Artificial Intelligence, As Artificial As We Think?

Mobile technological innovations such as Siri, the iPhone’s digital assistant, Google’s latest Google Home product, or, Alexa, the smart home hub introduced by Amazon, are, to most people, the limits of today’s Artificial Intelligence (AI).

These technologies have irrevocably transformed our day-to-day living. They are now entrenched in most aspects of our personal and professional lives.

Electronic calendars prevent us from missing important appointments; fitness trackers can effortlessly measure our steps and workout goals; Skype translators can break down language barriers; and efforts to introduce self-driving vehicles incrementally are making waves in the automotive industry, changing the way we drive forever.
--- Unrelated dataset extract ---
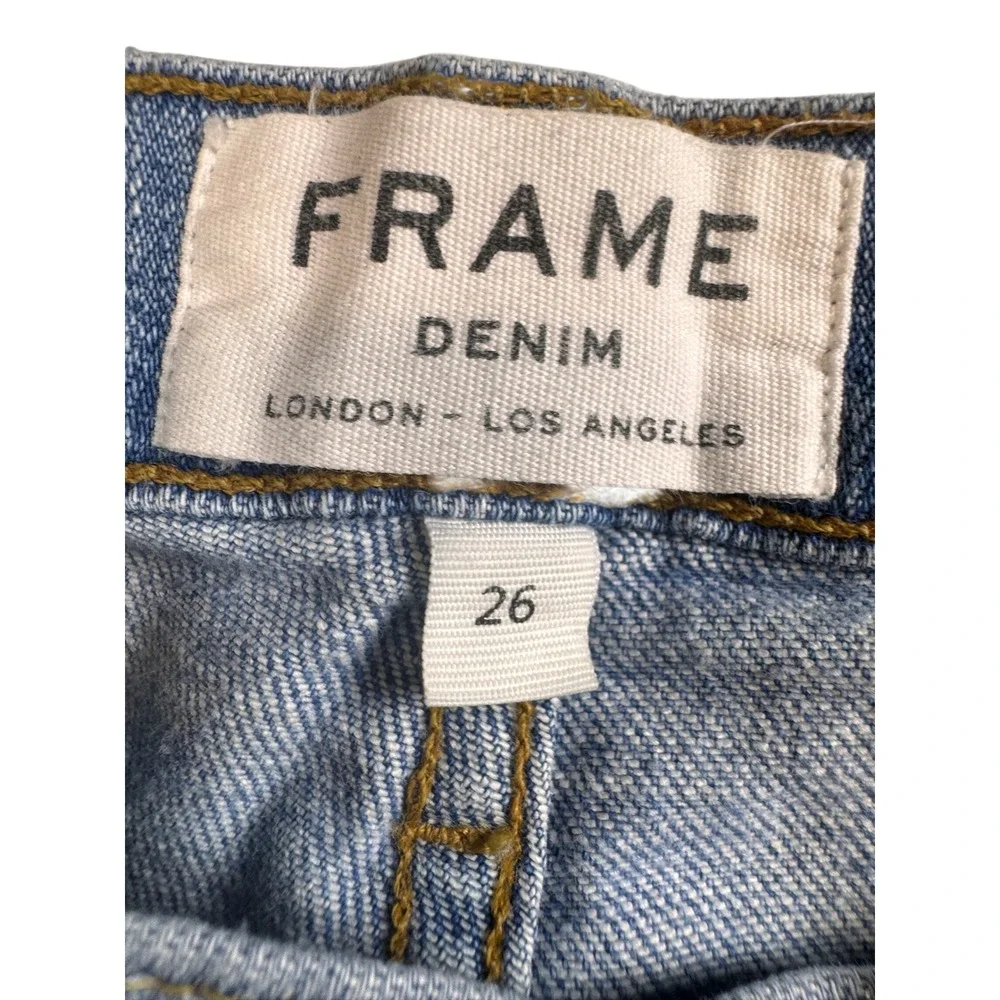 FRAME Denim Le High Straight Leg Jeans Size 26 Distressed Light Wash Jeffrey - Picture 4 of 11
Today’s hype around AI is now stronger than ever. For the first time though, there is now capital backing up this hype. According to CB Insights, in 2016 global funding for AI start-ups was $5bn, nearly nine times higher than in 2012, with the business community collectively having woken up, smelt the coffee and paying attention.

Having transcended merely being the talk of the town in the tech industry, today’s advances in artificial intelligence have gone beyond what many would have thought possible. For example, the algorithms of the world’s largest social media site, Facebook, can now track and tailor your entire internet browsing history, purchasing interests and commercial activity in less time than it takes a human being to blink, much to the delight of advertising agencies around the world.

Breaking down silos

The founding purpose of this technology and the potential it has to allow organisations around the world to integrate it into their businesses are now closer than ever before, propelling a multitude of sectors forwards.

Ground-breaking innovations are already having a positive impact on both businesses’ bottom line and productivity levels. From manufacturers to white-collar workers, it is irreversibly changing business models as new services and ways of working continue to emerge.

Machine-learning AI for example promises to automate many mundane, repetitive tasks, not necessarily promising to do them better, but faster and eventually, much, much cheaper.

There are still areas for improvement of course. The automation of customer service is categorically different from any other labour-saving technological advance, to which the human race has always adapted. Our very own Sixth Sense of Retail report that surveyed 2,000 consumers UK-wide revealed key statistics that stressed the need for a balance between humans and technology, for customer-service heavy industries such as retail to thrive.

Power and responsibility go hand in hand

Governments and parliaments around the world confess to possessing very little knowledge or understanding of the tenets and wide-ranging capacity of this technology. It would not be a stretch to class this as concerning, particularly given the importance that future generations are placing on the benefits and role that this technology will play in the society of tomorrow.

When drawing comparisons between human intelligence, and that pertaining to machines, the latter is still very much in its infancy – perhaps akin to babies acquiring an understanding of shapes, colours and numbers in their formative years. Aside from these foundational concepts however, babies are also slowly able to differentiate between good and bad, right and wrong. This development of AI rests in the hands of the tech industry to develop and nurture machine intelligence with due responsibility and care.

Despite this, the human brain remains the most powerful super-computer on the planet. It created AI, initially hard-wired it to do our bidding and attempted to contain within machines the principles of learning, logical reasoning, problem solving, perception and a basic understanding of the rules and nuances of language. Our brains can perform all these tasks – and more – with just a fraction of a typical computer’s resources. Although the question today is, has modern AI technology crossed this bridge?

In an industry that is largely unregulated, the public-at-large are very much outsiders looking inwardly at highly technical and intricate practices that are beyond the realms of understanding for the overwhelming majority of the global population.

It is about time that we start acknowledging that this intelligence is not quite so artificial anymore.